*Task directions*. Would you give the listing again exactly, without its images?

*Supplied information*.
-- -- --
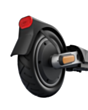Электросамокат Xiaomi Electric Scooter 5 Pro DDHBC45ZM / BHR9611GL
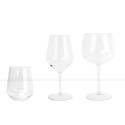 SET 2 VERRES A EAU TRITAN CLASSIC 39 CL BRUNNER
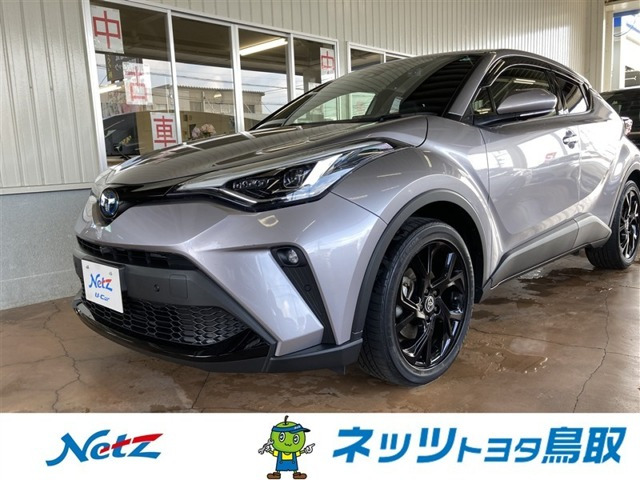 C-HR ハイブリッド 1.8 G モード ネロ セーフティ プラス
-- -- --
*Task output*.
Электросамокат Xiaomi Electric Scooter 5 Pro DDHBC45ZM / BHR9611GL
 SET 2 VERRES A EAU TRITAN CLASSIC 39 CL BRUNNER
 C-HR ハイブリッド 1.8 G モード ネロ セーフティ プラス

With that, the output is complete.